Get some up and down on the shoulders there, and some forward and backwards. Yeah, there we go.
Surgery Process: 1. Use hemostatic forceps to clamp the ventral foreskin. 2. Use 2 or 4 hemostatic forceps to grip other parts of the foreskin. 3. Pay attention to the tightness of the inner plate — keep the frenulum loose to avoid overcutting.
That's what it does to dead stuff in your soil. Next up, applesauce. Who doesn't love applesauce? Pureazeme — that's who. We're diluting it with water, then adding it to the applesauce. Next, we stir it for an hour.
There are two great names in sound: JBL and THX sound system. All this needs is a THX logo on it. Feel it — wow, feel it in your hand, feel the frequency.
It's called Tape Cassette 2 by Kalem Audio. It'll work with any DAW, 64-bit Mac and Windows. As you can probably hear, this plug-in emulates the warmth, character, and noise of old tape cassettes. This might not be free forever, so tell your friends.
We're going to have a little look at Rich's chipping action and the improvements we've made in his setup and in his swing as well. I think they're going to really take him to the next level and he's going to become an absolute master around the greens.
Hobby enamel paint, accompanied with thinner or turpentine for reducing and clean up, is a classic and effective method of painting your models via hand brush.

...

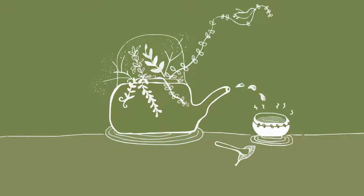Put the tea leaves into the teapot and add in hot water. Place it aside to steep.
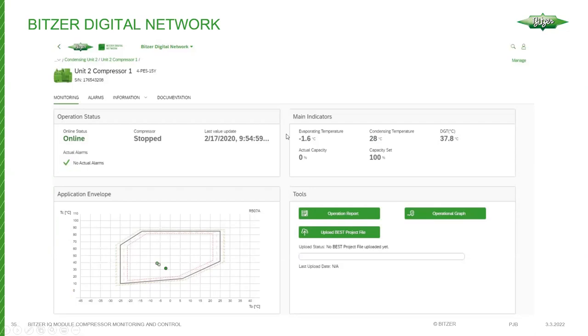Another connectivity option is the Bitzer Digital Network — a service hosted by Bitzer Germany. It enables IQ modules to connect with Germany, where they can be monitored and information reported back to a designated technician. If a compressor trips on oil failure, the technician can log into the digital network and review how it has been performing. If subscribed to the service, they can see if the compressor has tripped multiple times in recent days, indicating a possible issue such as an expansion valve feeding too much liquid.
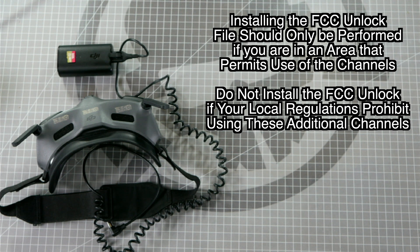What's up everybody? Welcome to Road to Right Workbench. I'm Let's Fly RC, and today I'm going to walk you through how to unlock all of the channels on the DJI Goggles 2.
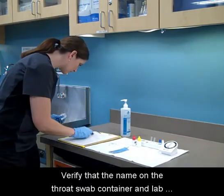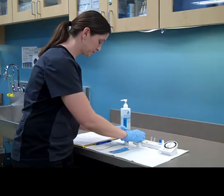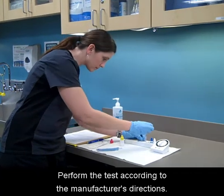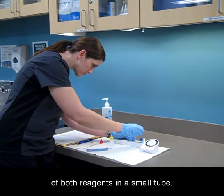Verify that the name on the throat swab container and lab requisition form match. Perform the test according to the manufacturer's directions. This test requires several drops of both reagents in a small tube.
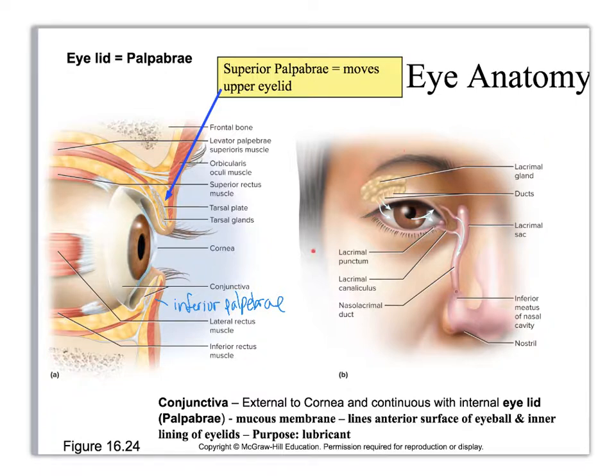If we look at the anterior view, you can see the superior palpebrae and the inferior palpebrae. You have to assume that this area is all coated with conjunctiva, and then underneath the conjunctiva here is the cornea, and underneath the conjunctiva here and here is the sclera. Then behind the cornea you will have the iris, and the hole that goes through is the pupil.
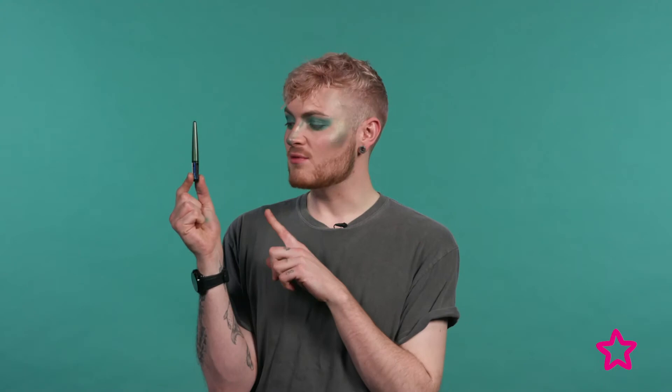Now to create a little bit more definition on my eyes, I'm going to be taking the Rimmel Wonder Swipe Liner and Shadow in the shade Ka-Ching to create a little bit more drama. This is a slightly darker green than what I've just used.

Work task
Your answer should consist of the lines from the line with "Get some up" to the line with "Hobby enamel paint, accompanied" above, repeated exactly, both ends included.

Answer to the problem
Get some up and down on the shoulders there, and some forward and backwards. Yeah, there we go.
Surgery Process: 1. Use hemostatic forceps to clamp the ventral foreskin. 2. Use 2 or 4 hemostatic forceps to grip other parts of the foreskin. 3. Pay attention to the tightness of the inner plate — keep the frenulum loose to avoid overcutting.
That's what it does to dead stuff in your soil. Next up, applesauce. Who doesn't love applesauce? Pureazeme — that's who. We're diluting it with water, then adding it to the applesauce. Next, we stir it for an hour.
There are two great names in sound: JBL and THX sound system. All this needs is a THX logo on it. Feel it — wow, feel it in your hand, feel the frequency.
It's called Tape Cassette 2 by Kalem Audio. It'll work with any DAW, 64-bit Mac and Windows. As you can probably hear, this plug-in emulates the warmth, character, and noise of old tape cassettes. This might not be free forever, so tell your friends.
We're going to have a little look at Rich's chipping action and the improvements we've made in his setup and in his swing as well. I think they're going to really take him to the next level and he's going to become an absolute master around the greens.
Hobby enamel paint, accompanied with thinner or turpentine for reducing and clean up, is a classic and effective method of painting your models via hand brush.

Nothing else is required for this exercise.